Bankruptcy: Official Assignee v. Mathiesen

The High Court ordered a Timaru property sold to meet bankruptcy debts over the objections of a Gabrielle Mathiesen who argued in vain that a husband cannot bankrupt his spouse.  Attempts to shelter her replacement home in a family trust were not successful.
Ms Mathiesen has been in court on multiple occasions seeking amongst other things a writ of habeas corpus complaining bankruptcy proceedings amount to a form of imprisonment and alleging in further proceedings contempt of court by Insolvency Service staff.  None of these claims succeeded.  The Insolvency Service seeks to recover $530,212; funds used by Ms Mathiesen’s family trust to purchase a Timaru-Pareora Road property where she lives.
The High Court was told Ms Mathiesen separated from her husband in 2004.  She then set up a family trust (Sweet Pea Trust) naming herself, her children and grandchildren as beneficiaries.  The former matrimonial home, part of a horse stud at Bellevue Road, Cambridge, was then transferred to the Sweet Pea Trust with a debt back to Ms Mathiesen for the value of the property.  Bellevue Road was subsequently sold with Ms Mathiesen shifting to south Canterbury.  The Trust purchased a replacement property.  She was bankrupted in 2013 by her husband to enforce a $326,000 Family Court relationship property order.  Part is payable by Ms Mathiesen personally; the rest by Sweet Pea Trust.
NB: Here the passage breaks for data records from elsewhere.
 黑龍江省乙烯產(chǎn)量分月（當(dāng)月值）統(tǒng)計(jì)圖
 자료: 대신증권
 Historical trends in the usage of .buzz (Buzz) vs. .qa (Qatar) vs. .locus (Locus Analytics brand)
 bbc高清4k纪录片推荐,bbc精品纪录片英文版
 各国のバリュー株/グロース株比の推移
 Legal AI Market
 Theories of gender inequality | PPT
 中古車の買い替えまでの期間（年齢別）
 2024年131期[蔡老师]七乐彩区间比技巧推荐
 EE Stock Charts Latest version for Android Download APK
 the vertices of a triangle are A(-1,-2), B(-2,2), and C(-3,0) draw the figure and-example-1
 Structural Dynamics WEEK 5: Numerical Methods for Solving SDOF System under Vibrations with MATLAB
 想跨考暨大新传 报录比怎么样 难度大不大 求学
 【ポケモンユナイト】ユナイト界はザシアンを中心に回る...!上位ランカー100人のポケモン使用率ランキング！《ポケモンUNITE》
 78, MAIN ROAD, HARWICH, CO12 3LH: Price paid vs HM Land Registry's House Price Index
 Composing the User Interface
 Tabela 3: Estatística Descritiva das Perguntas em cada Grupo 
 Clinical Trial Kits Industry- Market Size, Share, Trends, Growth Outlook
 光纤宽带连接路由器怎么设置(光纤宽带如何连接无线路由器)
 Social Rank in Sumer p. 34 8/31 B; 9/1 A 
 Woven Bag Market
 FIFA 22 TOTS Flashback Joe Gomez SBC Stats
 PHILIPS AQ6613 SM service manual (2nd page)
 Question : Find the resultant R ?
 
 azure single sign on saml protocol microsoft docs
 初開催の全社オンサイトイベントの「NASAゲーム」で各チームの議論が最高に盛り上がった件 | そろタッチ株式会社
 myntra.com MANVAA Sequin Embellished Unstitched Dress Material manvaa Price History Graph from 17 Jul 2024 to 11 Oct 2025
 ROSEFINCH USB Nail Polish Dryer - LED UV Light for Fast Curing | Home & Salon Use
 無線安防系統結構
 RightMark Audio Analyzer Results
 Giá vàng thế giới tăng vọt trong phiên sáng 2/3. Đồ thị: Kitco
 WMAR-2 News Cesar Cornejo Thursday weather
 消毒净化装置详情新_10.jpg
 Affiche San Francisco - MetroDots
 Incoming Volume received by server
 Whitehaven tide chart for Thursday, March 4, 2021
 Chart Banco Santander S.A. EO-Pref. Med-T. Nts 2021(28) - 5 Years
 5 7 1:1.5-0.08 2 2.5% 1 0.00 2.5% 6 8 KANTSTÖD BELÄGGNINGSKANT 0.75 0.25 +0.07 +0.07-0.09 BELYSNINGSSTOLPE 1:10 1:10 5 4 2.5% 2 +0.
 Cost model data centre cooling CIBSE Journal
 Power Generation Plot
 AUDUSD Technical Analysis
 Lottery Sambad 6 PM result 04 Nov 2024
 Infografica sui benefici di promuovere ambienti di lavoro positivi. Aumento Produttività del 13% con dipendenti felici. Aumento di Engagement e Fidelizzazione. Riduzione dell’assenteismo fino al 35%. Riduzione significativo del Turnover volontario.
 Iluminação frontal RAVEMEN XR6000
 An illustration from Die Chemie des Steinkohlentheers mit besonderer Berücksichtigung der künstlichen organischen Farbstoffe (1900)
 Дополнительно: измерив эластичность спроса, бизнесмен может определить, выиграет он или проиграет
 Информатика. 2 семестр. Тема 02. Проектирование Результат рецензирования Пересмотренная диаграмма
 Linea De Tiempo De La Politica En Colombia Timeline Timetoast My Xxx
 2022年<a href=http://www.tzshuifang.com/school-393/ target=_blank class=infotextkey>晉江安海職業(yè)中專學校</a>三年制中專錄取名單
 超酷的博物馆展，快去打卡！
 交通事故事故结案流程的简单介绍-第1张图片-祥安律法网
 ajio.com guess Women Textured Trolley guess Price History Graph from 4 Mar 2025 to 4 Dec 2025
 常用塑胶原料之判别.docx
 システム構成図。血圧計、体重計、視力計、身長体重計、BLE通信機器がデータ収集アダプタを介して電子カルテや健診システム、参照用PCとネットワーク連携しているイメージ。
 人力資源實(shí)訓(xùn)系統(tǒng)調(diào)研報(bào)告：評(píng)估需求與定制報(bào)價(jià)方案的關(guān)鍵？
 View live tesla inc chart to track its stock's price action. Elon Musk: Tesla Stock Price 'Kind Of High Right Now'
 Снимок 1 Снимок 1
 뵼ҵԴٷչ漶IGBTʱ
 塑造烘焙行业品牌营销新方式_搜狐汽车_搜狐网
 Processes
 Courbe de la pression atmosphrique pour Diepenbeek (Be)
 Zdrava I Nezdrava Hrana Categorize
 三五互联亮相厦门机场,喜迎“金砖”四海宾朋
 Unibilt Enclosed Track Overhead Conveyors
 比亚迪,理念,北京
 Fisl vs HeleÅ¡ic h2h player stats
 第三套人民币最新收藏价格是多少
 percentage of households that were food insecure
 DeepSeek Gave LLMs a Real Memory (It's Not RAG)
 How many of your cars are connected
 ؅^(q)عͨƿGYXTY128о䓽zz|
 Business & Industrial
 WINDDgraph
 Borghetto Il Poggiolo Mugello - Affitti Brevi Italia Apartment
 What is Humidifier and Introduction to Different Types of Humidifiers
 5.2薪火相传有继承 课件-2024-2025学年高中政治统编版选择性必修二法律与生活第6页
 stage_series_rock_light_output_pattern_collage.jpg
Ms Mathiesen does not own her residence in Timaru; that is owned by the Sweet Pea Trust.  But she does “own” the debt back owed her by the Trust.  This debt is owed by a trustee of the Trust who took title to the Timaru property on behalf of the Trust.  Trustees have an automatic right of indemnity against Trust assets for debts properly incurred on behalf of any Trust.  Standing in the shoes of the trustee, the Insolvency Service sued to have Trust assets sold to recover payment.  Justice Gendall ordered sale of the Timaru home.  It is the Trust’s only asset of any value.  The court was told Timaru District Council is also looking to sell the property, for unpaid rates.